For some reason we Christians often get awfully secretive and obscure about what God’s up to in our lives, or doing among us. I know lots of churches where the people in them don’t know what God’s doing with the other people in them. Heck, they don’t know if God’s doing anything with anyone, anywhere. It’s sad. But it’s all too common. When we don’t share testimonies, we get a totally wrong picture of what God’s doing. And it starts to worm its way into the rest of our lives—into our theology, into the way we read the bible, till next thing you know you’re cessationist, claiming God didn’t do any miracles back in bible times either.

In comparison, God doesn’t hide what he’s up to. If we’re gonna follow him, we need to mimic his behavior and let everyone know what he’s doing in and through us. He all about transparency, like Symeón said. He doesn’t have any dark secret plan to get us saved. God is light, and there’s no darkness in him at all. 1Jn 1.5 We shouldn’t have any darkness in us, either.

How Jesus became “Jesus of Nazareth.”

Luke 2.39-40 KWL
39 Once they completed everything according to the Lord’s Law,
they returned to the Galilee, to their city, Nazareth.
40 The little boy grew up, becoming strong,
full of wisdom, and God’s grace was on him.

Yeah, Luke skipped the magi story. I won’t. But he made it sound like they didn’t stay in Bethlehem for a few years, didn’t escape Herod’s infanticidal purge, didn’t stay in Egypt for a bit, nothing. Doesn’t mention Joseph’s dream-visions either. Joseph appears to have just gone along with God’s whole plan, no questions asked. It’s why people assume Luke tapped Mary as one of the sources for this gospel, and Matthew’s stories about Joseph, which fill in those blanks, come from elsewhere.
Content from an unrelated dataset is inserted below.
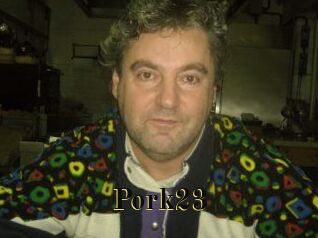 Pork23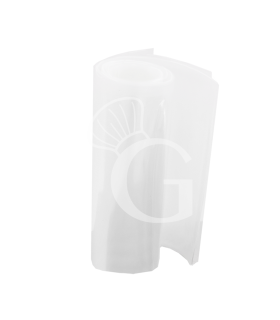 Set de 20 bolsas de para enfriador de vino.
But this lack of info produces one of those bible discrepancies which give biblical literalists headaches. If you’re that kind of inerrantist, you wind up fudging Luke so you can squeeze the entire magi-and-Egypt story inbetween the clauses of verse 39. But the most reasonable explanation is Luke simply didn’t know that story, and assumed once Joseph and Mary were done with their temple obligations, they went home. ’Cause that’s what you do.

Thus “Jesus of Nazareth” grew up in Nazareth, full of strength, wisdom, and grace. Three qualities he has throughout the gospels.